Given these realities, a tough approach to sanctions is the only way to prevent the wily and radical Iranian regime from achieving a victory, both psychological and practical, in its march toward nuclear weapons. If the sanctions are prematurely weakened and then crumble, all is lost.
Second: American Jews need to tone down the inflammatory, near-hysterical rhetoric that is being used against the administration.
American Jewish leaders seem to be following the lead of those Israeli politicians who have preferred an angry, belligerent tone to a reasoned argument. Alan Dershowitz, writing in Haaretz, comes to conclusions that I agree with, but along the way accuses the Obama administration of contemplating a “Chamberlain moment.” The argument is that Chamberlain engaged in bad diplomacy and poor negotiations, and in the process, demonstrated weakness and, by implication, cowardice — and that Barack Obama is doing the same.
I think that this approach is neither correct nor helpful. The fact is that the administration is making a fairly compelling case, but one that is fatally flawed. American Jews need to make the opposite case, and that is best done by coolly marshaling evidence and demonstrating the extent to which American and Israeli interests overlap on Iran.
In addition, it is politically disastrous to use this tone.
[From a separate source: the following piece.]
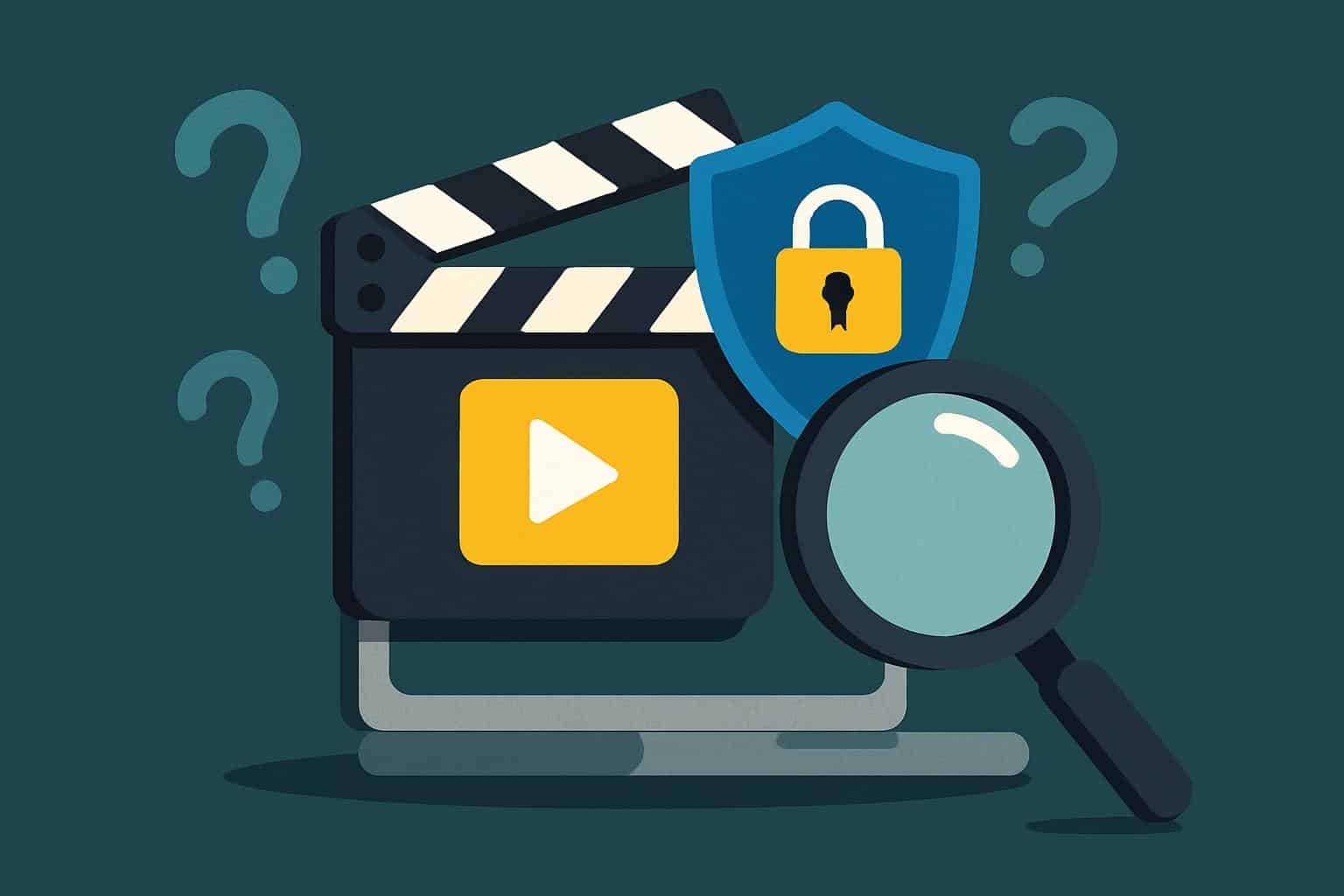 Isometric phone with MovieBox Pro app icon, padlock, warning icons; safe to download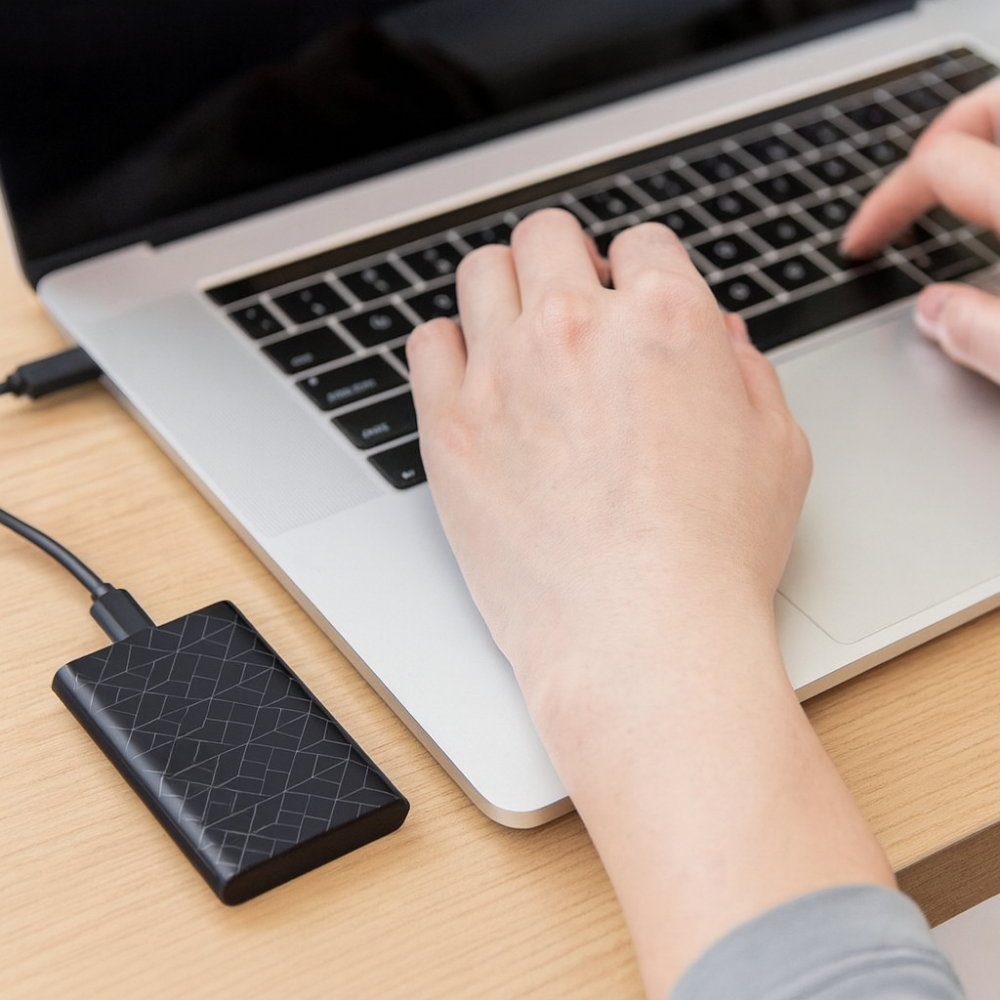 Snabb bärbar extern SSD för snabb datalagring och överföring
There is much sympathy for Israel in Congress, and much suspicion of Iranian intentions; it will be difficult to win support for a tough line on sanctions, but not impossible. Still, success will require support on both sides of the aisle. Backing for Israel in this case, as in all others, must be bipartisan, and Democrats will be far less likely to buck their president if they are hearing from Jewish leaders the same harsh attacks on Obama that they are hearing from their Republican counterparts.
Third: American Jews must tell Netanyahu that the actions of his government are undermining the case that he is trying to make on Iran in America.
Last Tuesday, the prime minister issued a statement halting a plan by his housing minister to explore settlement building in the West Bank because it was “an action that creates an unnecessary confrontation with the international community at a time when we are making an effort to persuade elements in the international community to reach a better deal with Iran.”
Exactly so. But then, the very next day, Netanyahu said in the Knesset that thousands more homes would be built in Judea and Samaria, despite international pressure. And, of course, several major settlement building plans have been announced in recent months, in each case generating unfavorable headlines and drawing harsh criticism from the American government and the European Union.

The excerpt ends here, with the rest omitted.